Still, even after all the couple went through – getting divorced to get Medicaid coverage – there’s a strong probability that Tom will have to file for bankruptcy because of unwieldy medical bills.
Experts say so-called strategic divorces aimed at gaining access to Medicaid coverage for a person are rare. Even so, Patty and Tom aren’t alone in their situation, and the still small number of strategic divorces might be growing according to some anecdotal evidence.
“I have consistently done one a year,” said V. Anthony Vilutis, a Fort Wayne-based elder law attorney who concentrates in Medicaid and Medicaid planning. “Now I’m running two or three a year.”
Most of his cases involve couples who want to get Medicaid for a spouse to defray the cost of putting that person in a nursing home, which usually runs about $5,000 a month on average, he said. That’s up from about $1,200 when Vilutis started practicing 30 years ago. The rise in nursing home care costs is, he believes, the No. 1 reason for the uptick in strategic divorce cases.
Changes in state law that allow Medicaid to recover costs after death from a recipient’s spouse’s estate (in addition to the recipient’s estate) and an increasing number of second marriages where couples seem more open to divorce, appear to have contributed to the increased number of cases as well, Vilutis said.

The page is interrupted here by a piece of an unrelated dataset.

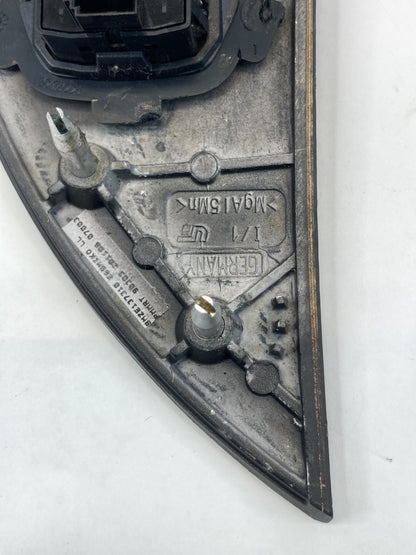 2004-2007 BMW 530i 525i 06 07 530xi 525xi Center Console Shifter Shift Bezel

Patty and Tom were each other’s second marriage – Tom having lost his first wife to cancer, and Patty a divorcee.
In general, Vilutis says Medicaid’s income eligibility threshold makes it difficult for many married couples to qualify for the program, while ever-increasing medical costs put even well-heeled couples in a tight spot.
“The income threshold is really low,” he said, pointing out a married couple must live on $956 per month after medical bills to qualify.
Dr. Jeff Wells, director of Indiana Medicaid, conceded that the state program has tended to have a low income threshold but an extensive benefit package relative to other states.
He couldn’t speak to the specifics of Patty and Tom’s case because the couple had chosen to remain anonymous. But he said such instances are “pretty rare,” adding that the state is expanding health benefit programs to cover more people.
“I think it’s an unfortunate circumstance when people feel they need to divorce to obtain health coverage,” Wells said.
Medicaid eligibility requirements and other program parameters are set by state and federal law. Program officials say they work hard within those parameters to make sure those qualified for governmental insurance get coverage. They invited the couple to contact them to revisit their case.
Just as Patty and Tom got divorced for insurance reasons, others are getting hitched to get covered.
According to a poll commissioned by Kaiser Family Foundation released in April, 7 percent of adults say that, in the past year, they or someone in their household decided to get married to have access to their spouse’s health care benefits or so their spouse could have access to their benefits.
While coverage issues fester, Tom’s battle with cancer continues.
Although chemotherapy and other treatments have gone relatively well, he still bears the same challenges of many other cancer patients: not knowing if or when he will be out of the woods. Particularly, because his cancer was diagnosed in a later stage, the couple fear the disease’s spread and lament not having a more concrete yardstick to measure treatment progress.
Tom’s energy dips sometimes and his short-term memory has suffered in the wake of intensive treatment. But he’s happy to be able to work some and has no plans to apply for disability. He’s scheduled to finish chemo treatments this week. He’ll go to a doctor July 15 to see if he needs radiation.
His goal is to be able to dance with his daughter at her wedding in September.